- EXERCISE DIRECTIONS
The lines to copy run from the one containing "Chart Sojitz Corp. - 1 Woche" to the last line of the entries; output those lines exactly and only them, without pictures.

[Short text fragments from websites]
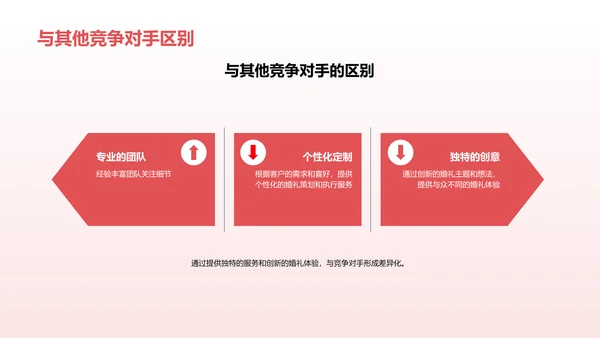 市场营销策划与执行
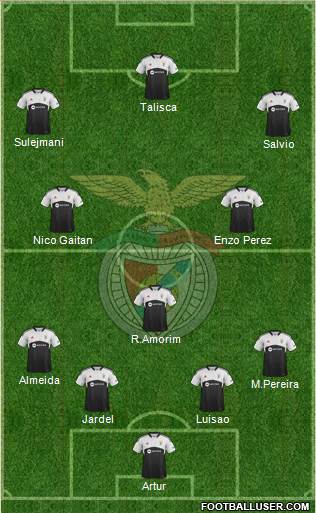 Sport Lisboa e Benfica - SAD Formation 2014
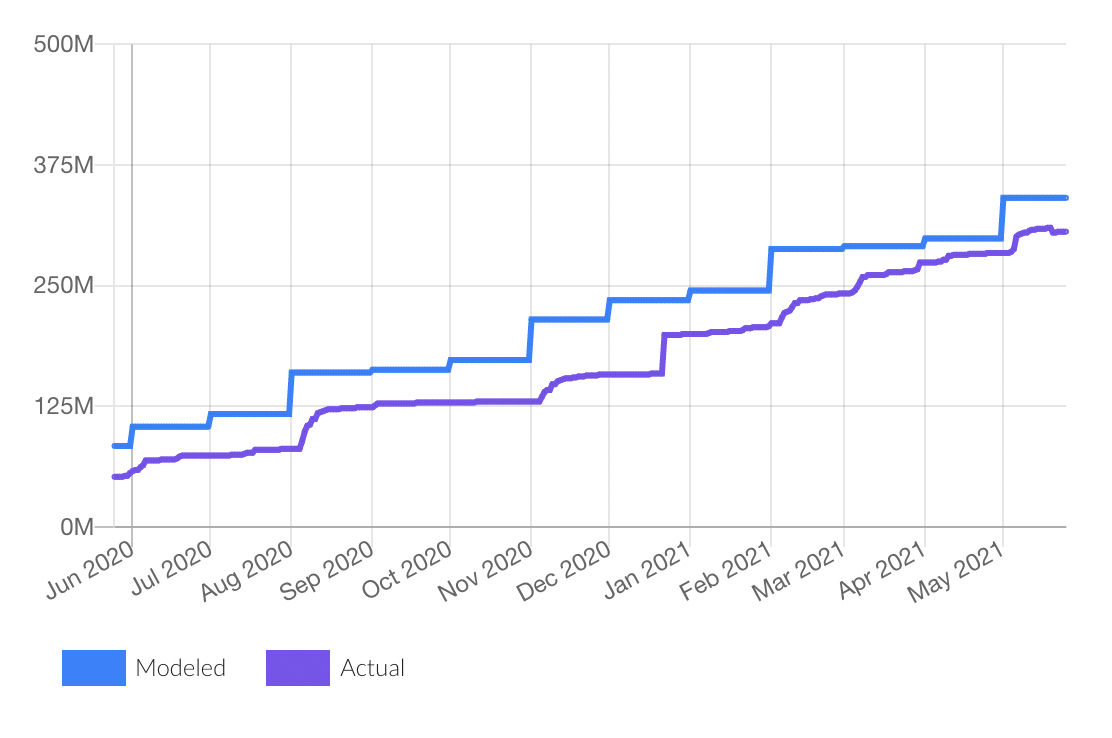 thông tin bảng ogn token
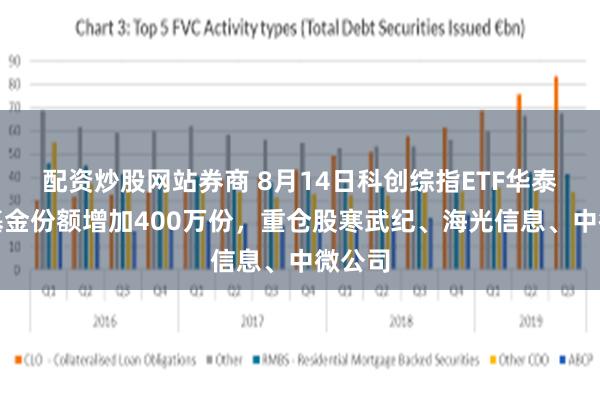 配资炒股网站券商 8月14日科创综指ETF华泰柏瑞基金份额增加400万份，重仓股寒武纪、海光信息、中微公司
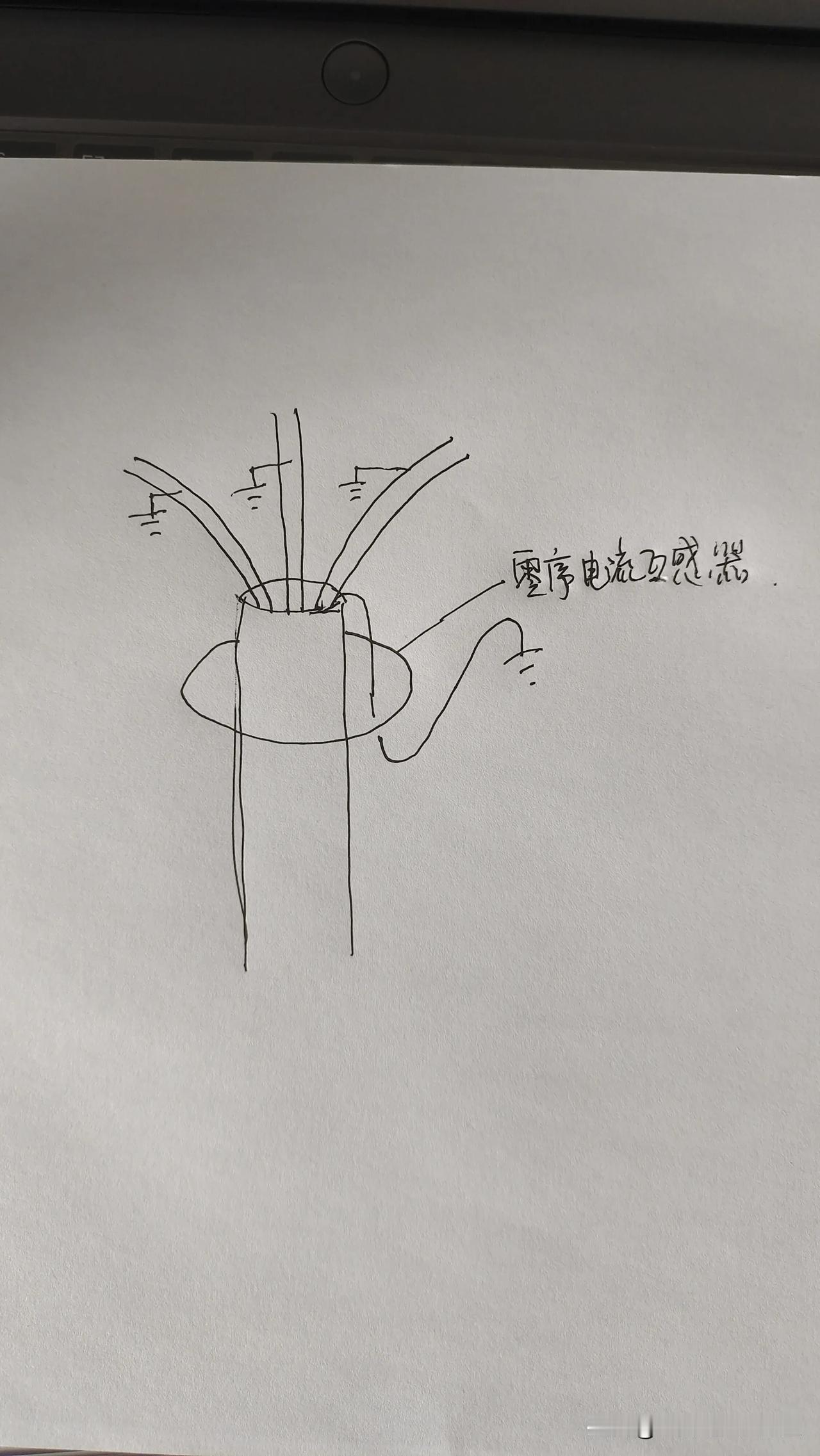 高压电缆的铜屏蔽接地和钢铠接地是图一的方法对，还是图二的方法对？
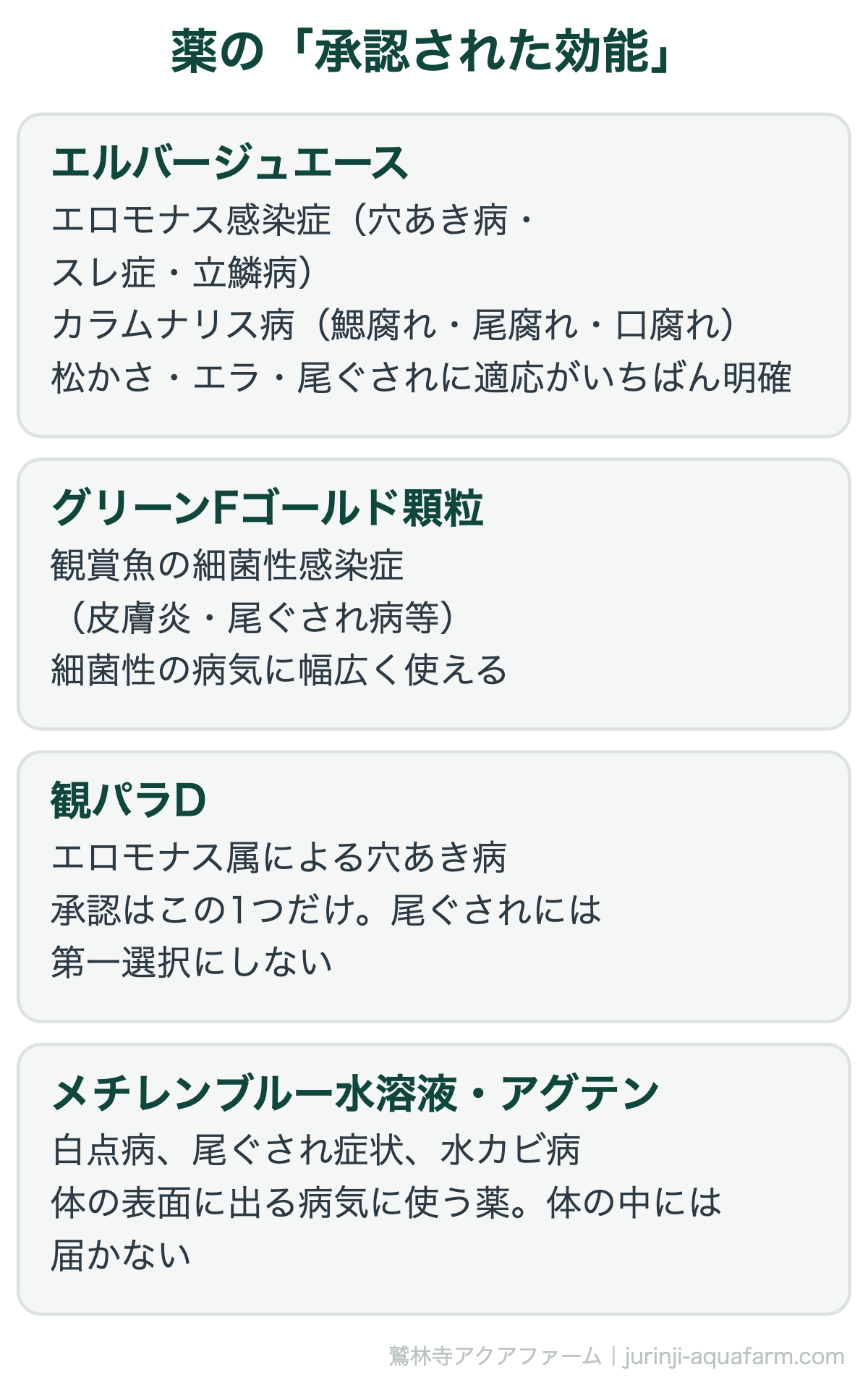 メダカの尾ぐされ病に使う魚病薬の承認された効能。エルバージュエースはカラムナリス病に適応が明確、グリーンFゴールド顆粒は細菌性感染症、観パラDは穴あき病のみ、メチレンブルーは体の表面の病気
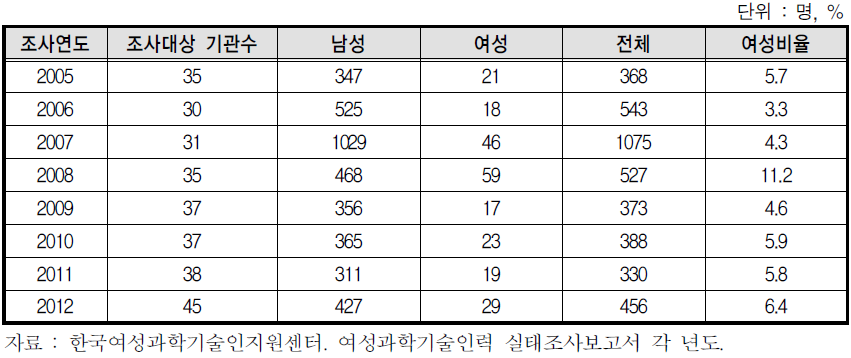 정부출연연구원의 연구과제 관련 심의기구에 여성참여 현황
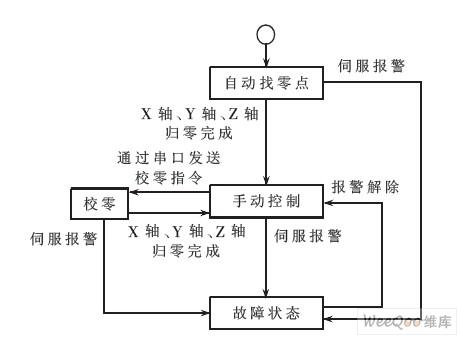 基于HCS08运动控制系统的数控工作台的软件设计与建模方法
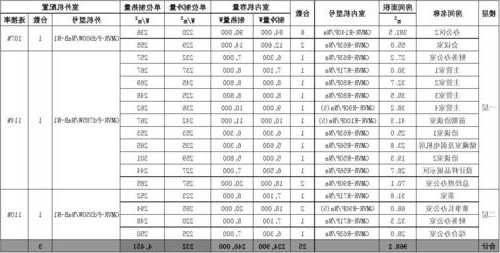 电梯空调型号规格大全表，电梯空调价格是多少！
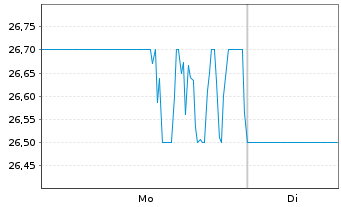 Chart Sojitz Corp. - 1 Woche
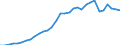 GBAORD Socio economic objective: Exploration and exploitation of the Earth / Measure: PPP Dollars - Current prices / Country: Japan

- TASK ANSWER
 Chart Sojitz Corp. - 1 Woche
 GBAORD Socio economic objective: Exploration and exploitation of the Earth / Measure: PPP Dollars - Current prices / Country: Japan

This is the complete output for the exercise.